All lines from the one containing "this 640×480 image." through the final line of the entries are to be written out verbatim; no other line is to be included.

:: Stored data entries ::
----------------------------------------

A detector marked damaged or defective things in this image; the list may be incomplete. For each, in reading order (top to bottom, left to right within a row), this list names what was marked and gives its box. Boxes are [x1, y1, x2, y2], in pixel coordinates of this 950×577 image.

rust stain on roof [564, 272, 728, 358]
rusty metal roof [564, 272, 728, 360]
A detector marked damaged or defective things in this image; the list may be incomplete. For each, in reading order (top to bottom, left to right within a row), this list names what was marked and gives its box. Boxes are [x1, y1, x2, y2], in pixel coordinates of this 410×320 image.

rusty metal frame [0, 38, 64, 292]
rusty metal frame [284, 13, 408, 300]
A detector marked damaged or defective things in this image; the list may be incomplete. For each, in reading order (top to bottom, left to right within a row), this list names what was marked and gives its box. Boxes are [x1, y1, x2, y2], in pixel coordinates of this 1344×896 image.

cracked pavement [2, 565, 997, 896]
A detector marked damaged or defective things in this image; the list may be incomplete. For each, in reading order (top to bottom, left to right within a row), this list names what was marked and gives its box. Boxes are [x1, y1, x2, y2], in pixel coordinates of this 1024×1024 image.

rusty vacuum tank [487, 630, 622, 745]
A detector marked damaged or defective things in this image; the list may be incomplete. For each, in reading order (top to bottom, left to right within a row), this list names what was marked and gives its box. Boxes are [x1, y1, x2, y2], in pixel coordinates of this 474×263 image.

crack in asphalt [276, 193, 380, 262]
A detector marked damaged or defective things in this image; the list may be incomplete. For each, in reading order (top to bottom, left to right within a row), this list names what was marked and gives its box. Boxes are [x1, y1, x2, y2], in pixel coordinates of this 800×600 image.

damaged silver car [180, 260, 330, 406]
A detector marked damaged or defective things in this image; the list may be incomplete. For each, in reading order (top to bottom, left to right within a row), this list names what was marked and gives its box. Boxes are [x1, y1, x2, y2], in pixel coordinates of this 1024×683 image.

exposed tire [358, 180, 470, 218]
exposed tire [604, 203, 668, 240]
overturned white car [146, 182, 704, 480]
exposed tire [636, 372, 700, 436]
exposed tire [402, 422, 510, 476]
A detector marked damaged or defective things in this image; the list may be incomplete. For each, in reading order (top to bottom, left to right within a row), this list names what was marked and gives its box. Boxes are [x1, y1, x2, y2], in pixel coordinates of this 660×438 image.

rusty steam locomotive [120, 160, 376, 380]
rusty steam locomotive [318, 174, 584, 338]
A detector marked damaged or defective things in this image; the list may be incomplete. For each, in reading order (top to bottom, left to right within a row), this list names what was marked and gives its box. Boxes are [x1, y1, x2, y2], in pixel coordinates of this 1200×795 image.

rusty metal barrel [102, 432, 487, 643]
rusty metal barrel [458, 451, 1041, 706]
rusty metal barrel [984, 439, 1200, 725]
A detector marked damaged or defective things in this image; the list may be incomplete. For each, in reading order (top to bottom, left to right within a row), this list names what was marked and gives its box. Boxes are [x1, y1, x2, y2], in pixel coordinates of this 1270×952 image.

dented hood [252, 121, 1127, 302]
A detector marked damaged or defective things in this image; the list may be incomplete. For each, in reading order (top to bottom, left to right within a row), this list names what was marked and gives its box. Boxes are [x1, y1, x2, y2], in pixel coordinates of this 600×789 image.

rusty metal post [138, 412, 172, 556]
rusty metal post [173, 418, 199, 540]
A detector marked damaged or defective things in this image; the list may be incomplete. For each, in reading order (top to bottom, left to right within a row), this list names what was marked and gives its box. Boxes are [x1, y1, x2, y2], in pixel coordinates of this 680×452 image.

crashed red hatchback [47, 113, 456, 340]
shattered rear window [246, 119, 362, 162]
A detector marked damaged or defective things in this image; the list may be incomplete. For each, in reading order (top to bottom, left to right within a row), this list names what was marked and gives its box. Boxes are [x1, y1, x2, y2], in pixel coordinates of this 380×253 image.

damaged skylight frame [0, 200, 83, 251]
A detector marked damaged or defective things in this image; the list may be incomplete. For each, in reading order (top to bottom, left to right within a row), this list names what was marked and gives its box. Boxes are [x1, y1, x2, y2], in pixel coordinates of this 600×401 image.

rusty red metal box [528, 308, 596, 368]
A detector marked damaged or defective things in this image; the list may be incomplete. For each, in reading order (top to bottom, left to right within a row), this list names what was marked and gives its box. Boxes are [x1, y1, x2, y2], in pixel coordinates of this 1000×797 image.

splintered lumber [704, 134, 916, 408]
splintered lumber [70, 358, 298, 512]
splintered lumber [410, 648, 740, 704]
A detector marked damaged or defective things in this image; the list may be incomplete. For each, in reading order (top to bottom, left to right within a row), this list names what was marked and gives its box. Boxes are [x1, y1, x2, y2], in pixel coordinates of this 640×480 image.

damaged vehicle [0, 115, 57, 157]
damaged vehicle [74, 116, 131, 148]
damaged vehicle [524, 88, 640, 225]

----------------------------------------

:: WORKED SOLUTION ::
A detector marked damaged or defective things in this image; the list may be incomplete. For each, in reading order (top to bottom, left to right within a row), this list names what was marked and gives its box. Boxes are [x1, y1, x2, y2], in pixel coordinates of this 640×480 image.

damaged vehicle [0, 115, 57, 157]
damaged vehicle [74, 116, 131, 148]
damaged vehicle [524, 88, 640, 225]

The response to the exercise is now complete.